= External render =

An external render is, in its most basic form, a coating applied to the walls of a building, to provide a protective coating which would prevent rain penetration. It also acts as a decorative finish to enhance the appearance of a building.

== History ==
Rendering is a traditional craft that has evolved over many centuries. Basic rendering began as a method of excluding draughts and rain by using clay to fill in cracks and crevices, referred to as wattle-and-daub. Other renders, based on lime binders were also used over the years. These materials had one significant disadvantage in that they were not very resistant to water.

The introduction of Portland cement meant that durable mortars could be produced and weather resistant renders resulted. Through the years technological advances have aided the development of cutting edge render systems that aim to improve the longevity of a buildings structural capacity.

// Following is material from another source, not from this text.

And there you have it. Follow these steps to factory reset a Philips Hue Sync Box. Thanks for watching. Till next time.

== Manufacture and production ==
Traditionally, a render would be manufactured on site by a plasterer mixing sand, cement and sometimes lime material together with water to produce his render. This would then be applied to the walls, usually in either two or three coats.

When painting, there is usually a primer, an undercoat and a topcoat. Similarly in renders there may be a stipple coat, then an undercoat (sometimes called a base coat) and finally a final coat (sometimes called a topcoat). The difference is that in renders, the final thickness is 15 mm.

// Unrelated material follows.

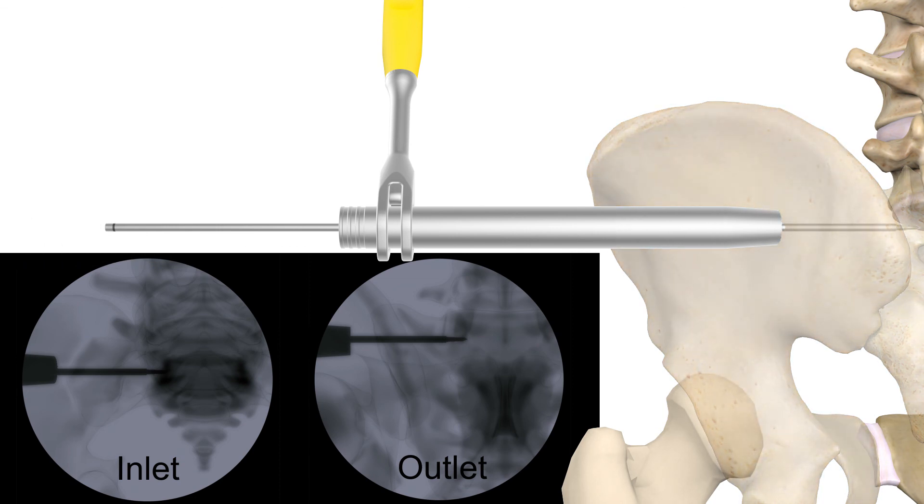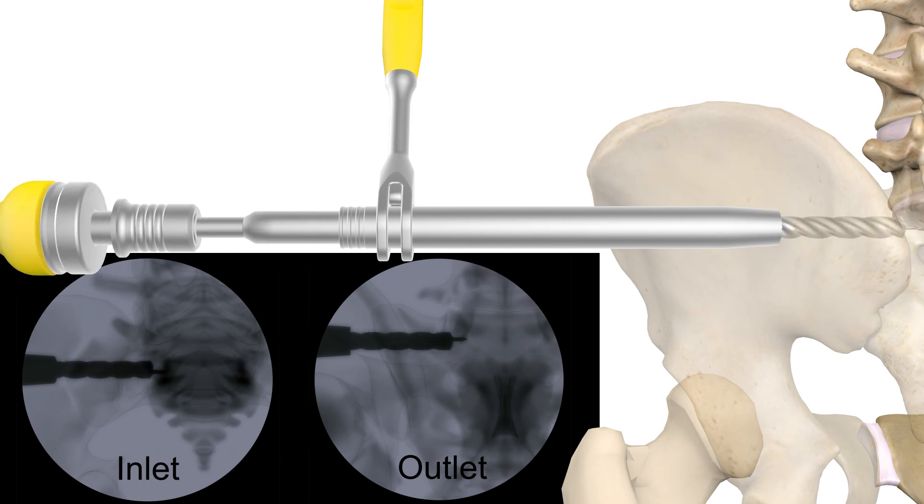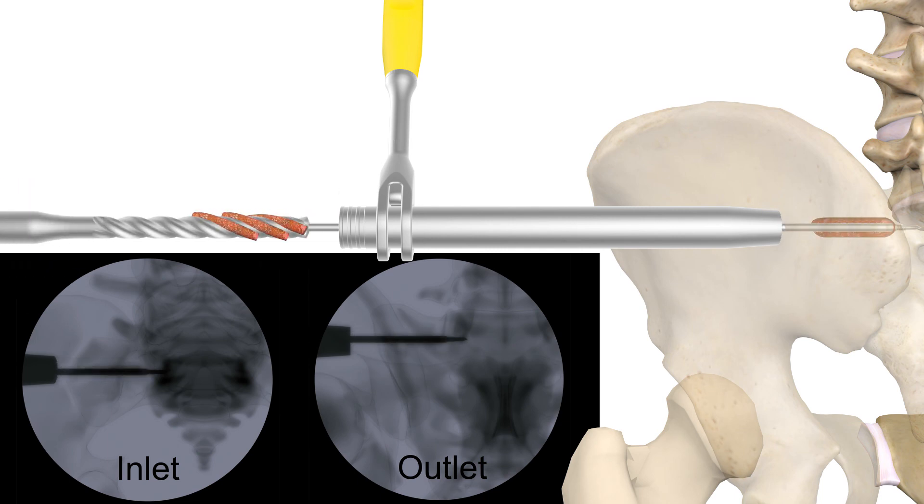Next, choose the drill for the appropriate diameter screw and, using a T-handle or power adapter, drill to the distal end of the first guide wire. Remove the drill and harvest the bone graft from the drill flutes. This graft will be packed into the implant before insertion.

Development of a site mixed render is the factory made render. All the render ingredients are dry blended together in a modern factory, creating a powdered product which can be supplied in bags. When the product is delivered to site the plasterer just needs to mix the product with water and apply it to the wall.

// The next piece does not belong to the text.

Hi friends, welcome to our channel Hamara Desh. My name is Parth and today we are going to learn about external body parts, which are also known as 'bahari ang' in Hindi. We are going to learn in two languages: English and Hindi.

The factory made render has an advantage over the site mixed render in that the composition of the render and all the raw materials are closely controlled and accurately measured. Supplying a render in this way allows the manufacturer to include performance enhancing additives into the formulation. Whilst many site mixed renders are subsequently painted, factory made renders can be supplied as a wide variety of self-coloured products, eliminating the additional expense of painting.

== Application ==
There are two main methods of applying render, by hawk and trowel or by machine. In the hawk and trowel method the product is first mixed with water to a workable paste and then the plasterer applies the wet paste render to the wall and levels it off, using a hawk and trowel. Machine applied renders are usually factory made products. The machine is essentially a mixing pump which mixes the product with water and pumps the paste to a nozzle which sprays it onto the wall. The wet paste is than levelled off. Application of render using a machine is usually a much faster operation than by hand, meaning that larger areas can be rendered during a working day. The application of render has to be completed in the correct weather conditions. If the temperature is too low, moisture can be trapped within the render. If the temperature is too high, the render will dry out too quickly, leading to the formation of cracks.